Dalsza część artykułu pod materiałem wideo
Piesi w oku kamery. Mieszkańcy Bydgoszczy wpadali jeden za drugim
Łukasz Ż. wypił 8 kieliszków wódki
Nie ma jeszcze informacji toksykologicznych, wyjaśniających, czy Łukasz Ż. w trakcie prowadzenia auta znajdował się pod wpływem alkoholu. Jednak, jak ujawniła prokuratura, "biesiadowanie zaczęło się 15 minut po północy, a zakończyło się o 1 w nocy". - W czasie tych 45 minut Łukasz Ż. wypił 8 kieliszków 40-procentowej wódki - mówił rzecznik prokuratury na konferencji prasowej. - Jego kolega wypił takich kieliszków 5 - dodał, mówiąc o kierującym autem marki Cupra, który pomógł uciec z miejsca zdarzenia sprawcy wypadku, a następnie udostępnił to auto Łukaszowi Ż.

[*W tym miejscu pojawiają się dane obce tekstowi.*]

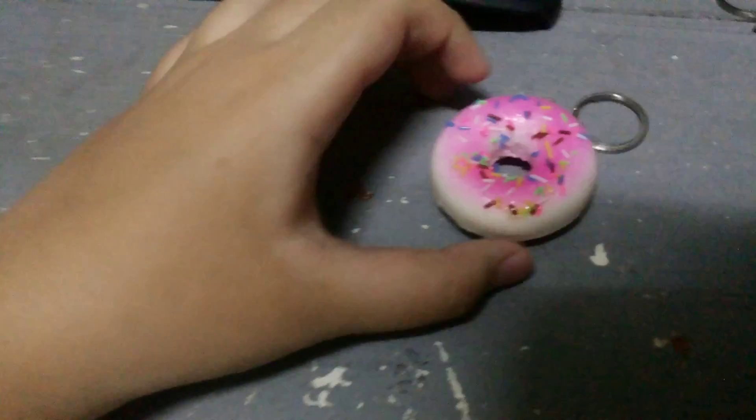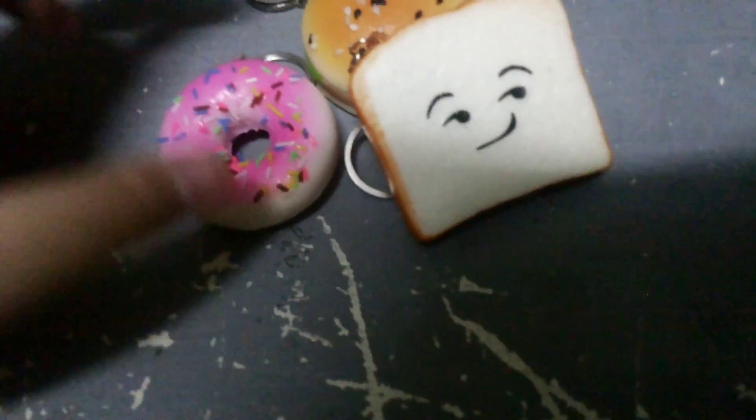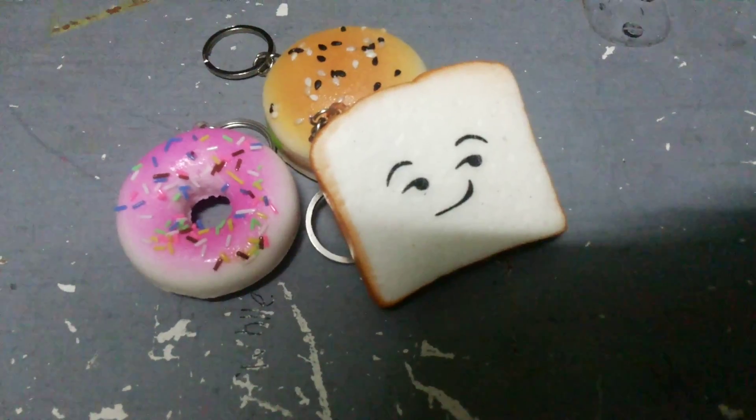I got this pink donut and it's very, very squishy and soft. Let's squish it — oh, very slow rising, two seconds. Thank you guys for watching, I hope to see you next time. Have a great day, bye bye!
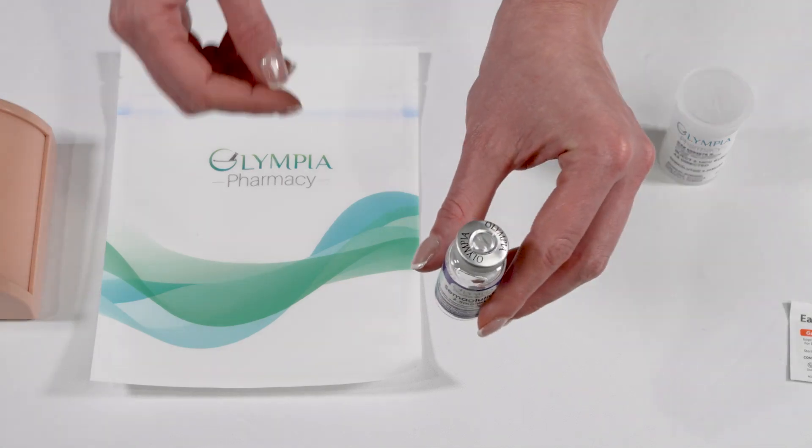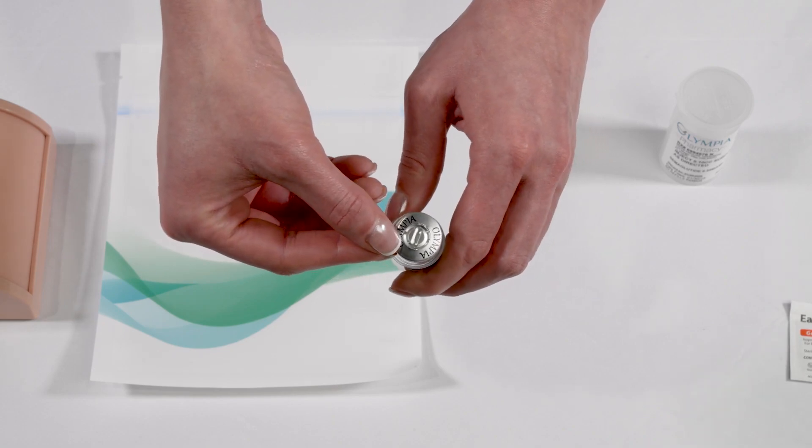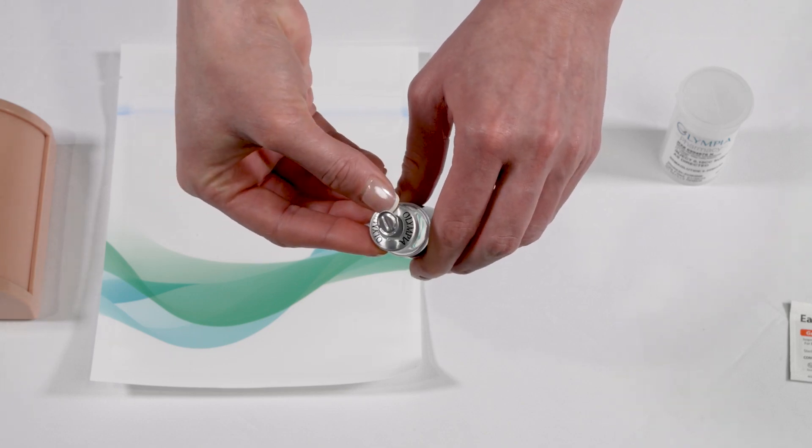Now that you know what you need and where you can inject, we're ready to get to removing the cap and get started. If this is the first time you are using your medication, you will need to open the vial. To remove the foil lid from your vial, first locate the perforated ring in the center of the metal vial cap.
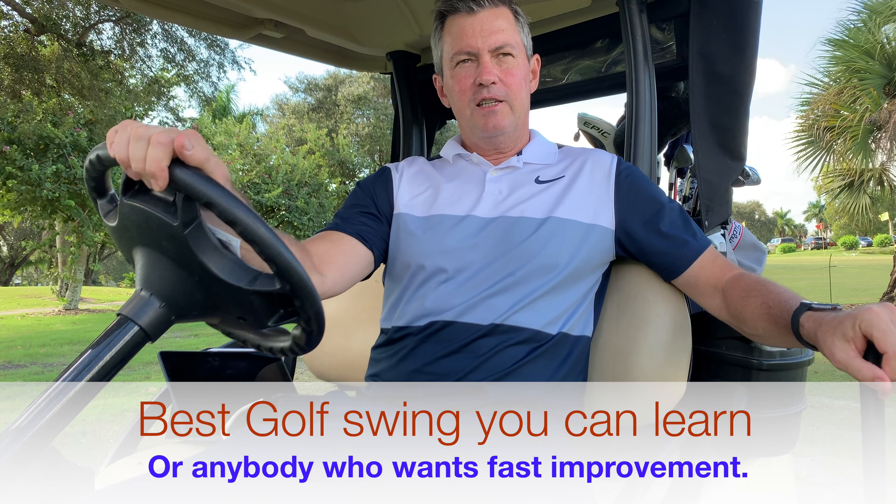Hey everybody, Kirk Jungian here from learninggolf.tv. Today talking about the best golf swing you could learn. And it's the best golf swing to me if it's simple, easy to learn, easy to repeat, if it improves your consistency and gives you more distance, and it's something that helps you very quickly.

- O godzinie 1.02 wszystkie osoby uczestniczące w tej imprezie wsiadły do dwóch pojazdów i odjechały w stronę Pragi. Po 15 minutach doszło do wypadku - relacjonowała prokuratura.
Prok. Piotr Antoni Skiba przekazał, że w tej sprawie 8 osób ma status osób podejrzanych, 7 z nich jest aresztowanych, jedna ma dozór policji. - Cały czas bierzemy pod uwagę, że kolejne osoby będą miały status podejrzanych. Wg. mnie nie ma szans, by w tym roku zakończyć to postępowanie - dodał.
Nie ma informacji, które mogą potwierdzić, że doszło do wyścigu. Dodał, że w oparciu o uzyskane dowody, wiadomo, że Łukasz. Ż. na chwilę przed zdarzeniem, trzymał w ręku telefon komórkowy, którym nagrywał swoją jazdę.
Śmiertelny wypadek w Warszawie
Przypomnijmy, że Łukasz Ż. jest podejrzany o spowodowanie śmiertelnego wypadku w Warszawie. Volkswagen Arteon, za którego kierownicą siedział najprawdopodobniej Łukasz Ż., najechał na tył forda, który następnie uderzył w barierki energochłonne. Fordem podróżowała czteroosobowa rodzina.
W zderzeniu zginął 37-letni pasażer tego auta; do szpitala trafiły też trzy osoby podróżujące fordem: kierująca 37-letnia kobieta i dzieci w wieku czterech i ośmiu lat. Do szpitala przewieziono także kobietę z volkswagena.